Таков смысл подлинного искусства; в этом его сущность и призвание: оно призвано нести людям истинный аромат духа. Художник не призван «поучать» и «проповедовать»; он не смеет становиться тенденциозным и навязывать людям какую-нибудь доктрину. Он призван сам цвести среди цветов духа, естественно, непреднамеренно (desin volto), органически и с некой таинственной, легкой, побеждающей властностью; цвести и дарить людям подлинный, чудесный и очистительный аромат своих духовных цветов.
Так обретается критерий художественности: так узнается совершенное произведение искусства. Если выразить этот критерий в виде требования, то мы должны будем сказать:
Художник! Будь верен законам эстетической материи. Эти законы ты должен знать и соблюдать, а материей ты должен владеть вполне. Только тогда ты сумеешь точно и совершенно приспособить материю твоего произведения к требованиям эстетического образа и художественного предмета.

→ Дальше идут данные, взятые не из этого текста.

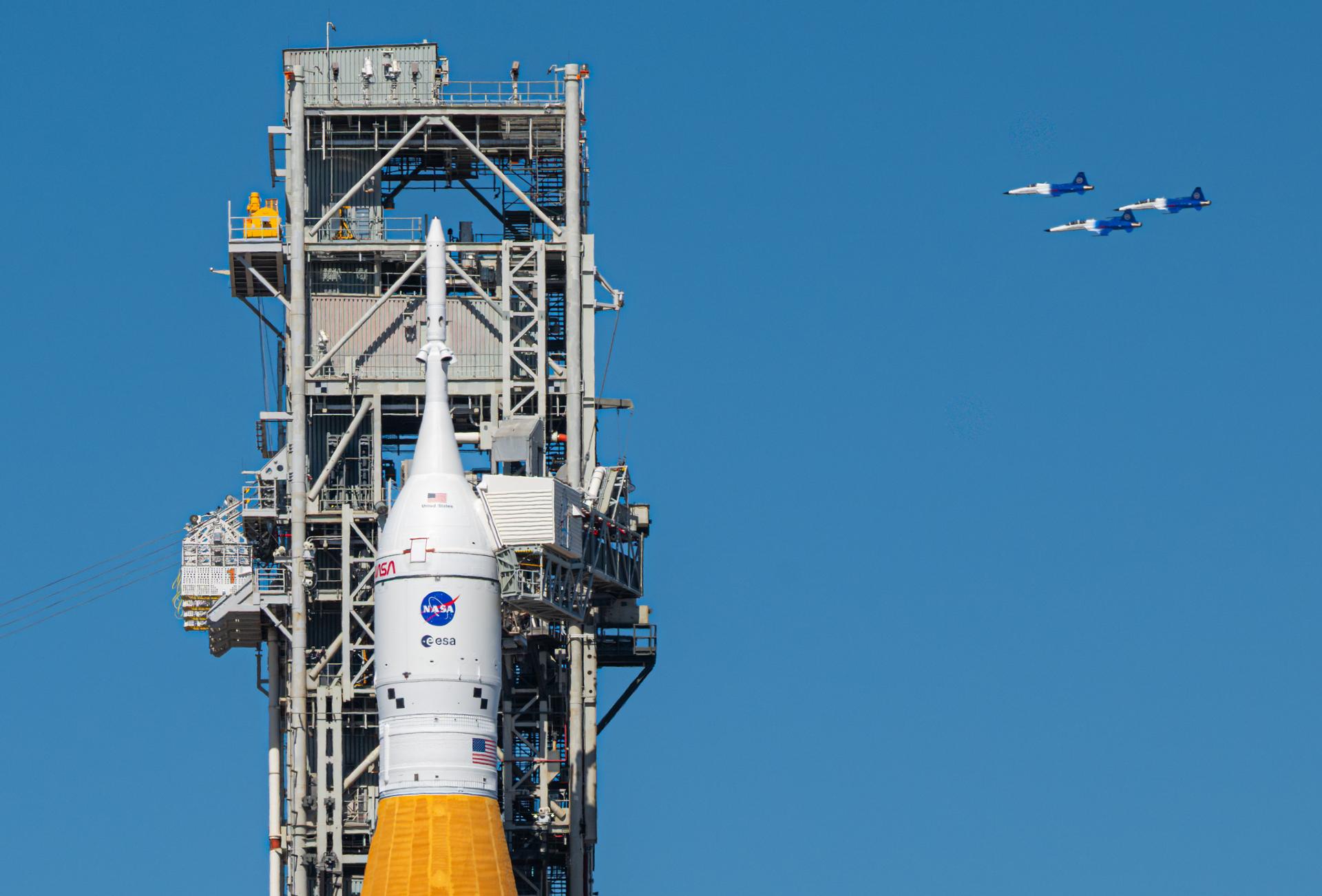 NASA Administrator Jared Isaacman conducts a formation flight with three of his personal F-5 aircraft, Sunday, Feb. 8, 2026, at NASA’s Kennedy Space Center in Florida. The formation flew near the Artemis II SLS (Space Launch System) rocket and Orion spacecraft at Launch Complex 39B and the surrounding area at Kennedy. Photo Credit: (NASA/John Kraus)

Будь верен также и законам эстетического образа. Ты должен верно постигнуть своеобразие этих «существ» и вполне овладеть ими. Только тогда ты сумеешь оформить весь хоровод созерцаемых и показываемых тобою образов — в строгом и выразительном соответствии с твоим основным замыслом, с твоей предметной медитацией, с ее духовным цветком...

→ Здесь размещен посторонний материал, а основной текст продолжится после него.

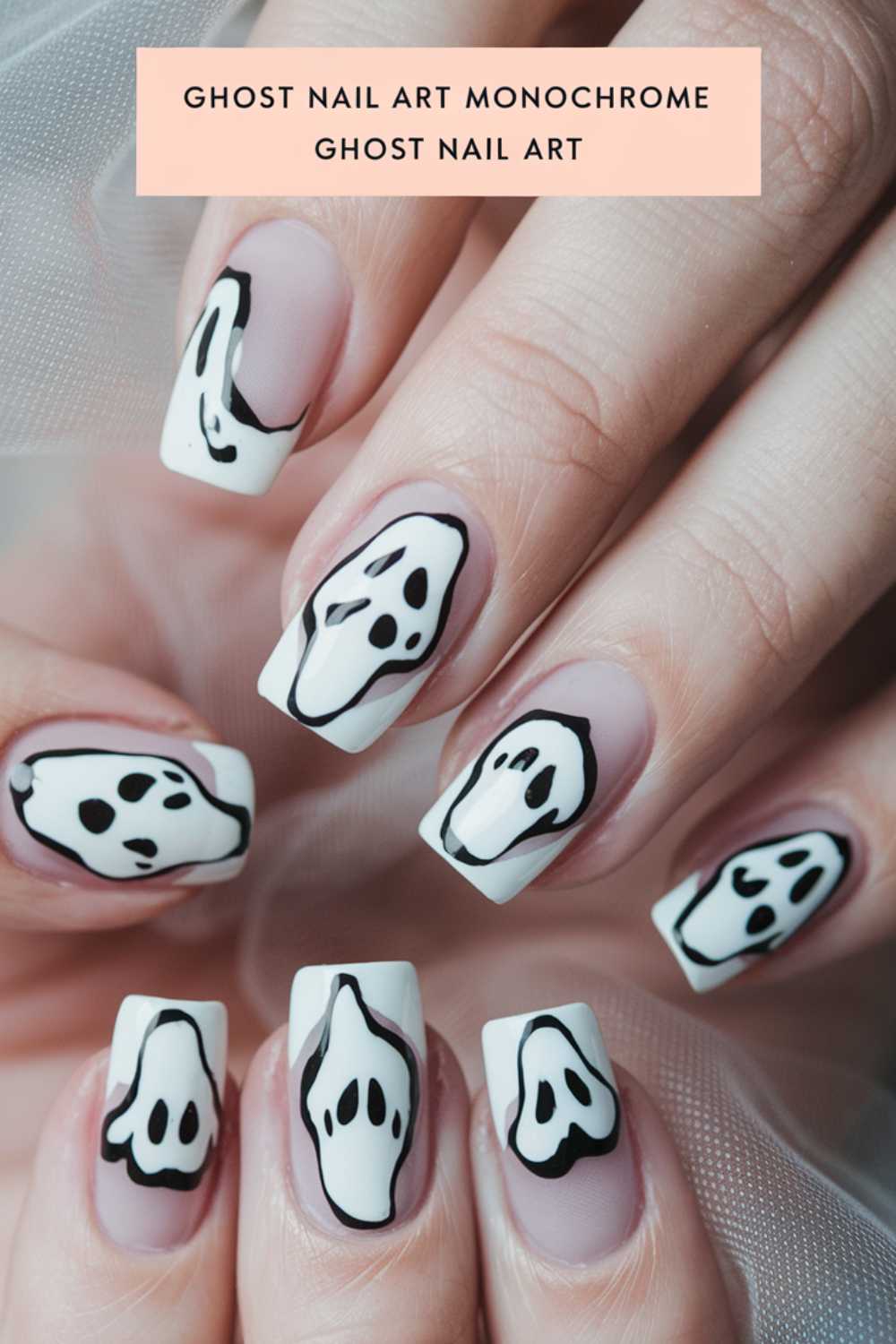 Close-up of hands with monochrome ghost nail art on square-shaped nails. The design features black and white ghost faces on a matte white background, with a soft sheer fabric in the background.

А чтобы возыметь основной замысел, чтобы постигнуть художественный предмет, ты должен уйти в глубину сердечного созерцания и вопросить из своего созерцающего сердца Бога, мир и человека о тайнах их бытия. Погрузись в эту духовную глубину, как в некое море, и вернись в нее с жемчужиной. Затеряйся в блаженных пространствах духовного опыта и принеси оттуда самый лучший цветок. И соблюди в своем творчестве верность этой жемчужине или этому цветку. Только тогда ты узнаешь, как и чем живет «предметно одержимый» художник; только тогда ты сможешь создать адекватные предмету образы и точную эстетическую материю: давай необходимое и только необходимое! только предметно укорененное! и ничего лишнего, ничего чрезмерного! только такое, через которое светится и сияет сам первообраз предмета!